Model kitchen market on cards to ensure safe food

Bangladesh Food Safety Authority (BFSA), in collaboration with city corporations, has planned to establish model kitchen markets in big cities. 

Through establishment such market, BFSA aims to address the challenge of food contamination. 

Speaking at a conference on safe food, BFSA Chairman Mohammad Mahfuzul Hoque said, "We're engaging with the concerned city corporations to set up healthy, model markets in big cities." 

However, he didn't offer any time frame for establishing these markets. 

The conference was held at Krishibid Institute in Dhaka on Thursday. 

BFSA chief said food contamination is posing more challenge than the adulteration of food. "What we see in our kitchen markets is live birds are culled and dipped in same water over and over again thereby, posing serious risks of contamination." 

He said the Authority that the government had established in 2015 in line with the 2013 Safe Food Act "is now trying to be proactive rather than reactive." He explained the newfound philosophy that instead of trying people for marketing unsafe food, they would rather try to set rules of the game where people will follow good agricultural practices (GAP) and good marketing practices (GMP). 

Bangladesh Food Safety Network (BFSN), a civil network of five non-government organisations, who champion the causes of safe food, organised the daylong safe food conference with the parliamentary standing committee chief on food ministry, Abdul Wadud Dara, attending as the chief guest. 

The five organisations are: SHISHUK, UBUNIG, Consumers Association of Bangladesh (CAB), Bangladesh Safe Agro Food Efforts (BSAFE) and Hunger Free World. 
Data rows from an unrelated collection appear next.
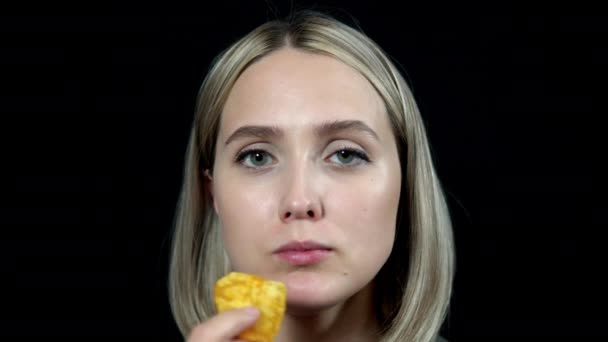 Woman Eating Chips Close — Stock Video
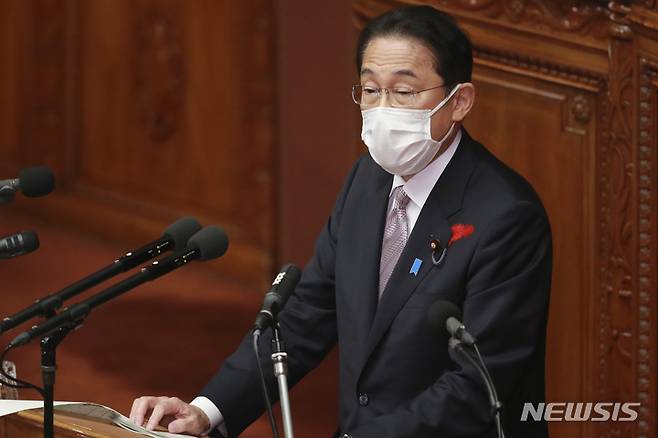 [東京(日本)=AP/ニューシース]去る 11日日本国会で長いフミオ総理が発言している. 2021.10.12.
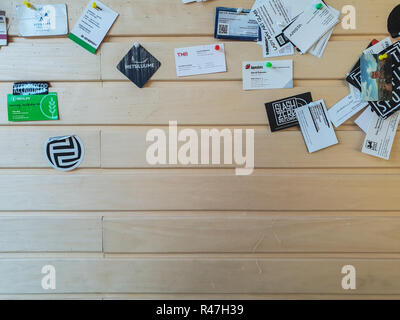 TALLINN, ESTONIE - MAI 2018 - Un grand nombre de cartes d'affaires sont attachées à un mur en bois avec un copyspace Banque D'Images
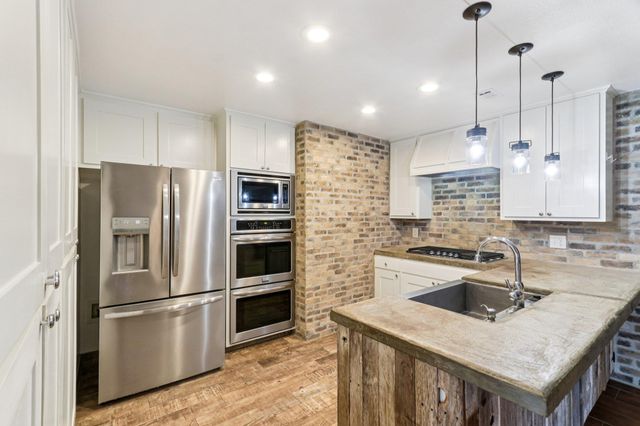 24369-2 Bingham Creek RD 12, Leander, TX 78641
Ex-Agriculture Secretary, Anwar Farooque, UN Food and Agricultural Organisation (FAO) Senior National Advisor, Dr Shah Monir Hossain, SHISHUK Executive Director Sakiul Millat Morshed, agricultural communication activist Rezaul Karim Siddique, former IRRI Representative to Bangladesh Dr Zainal Abedin, among others, spoke at the conference. 

Sakiul Millat Morshed, whose community-based floodplain fishery movement earned him national gold medal and eventually recognised as a SAARC model, sought an immediate policy intervention so that community approach of development gets a legal coverage. He cited Indian government's recent enactment of producers' company act. 

Morshed gave statistics showing how people in Daudkandi's floodplain areas became successful fish producers and contributing to national agricultural GDP.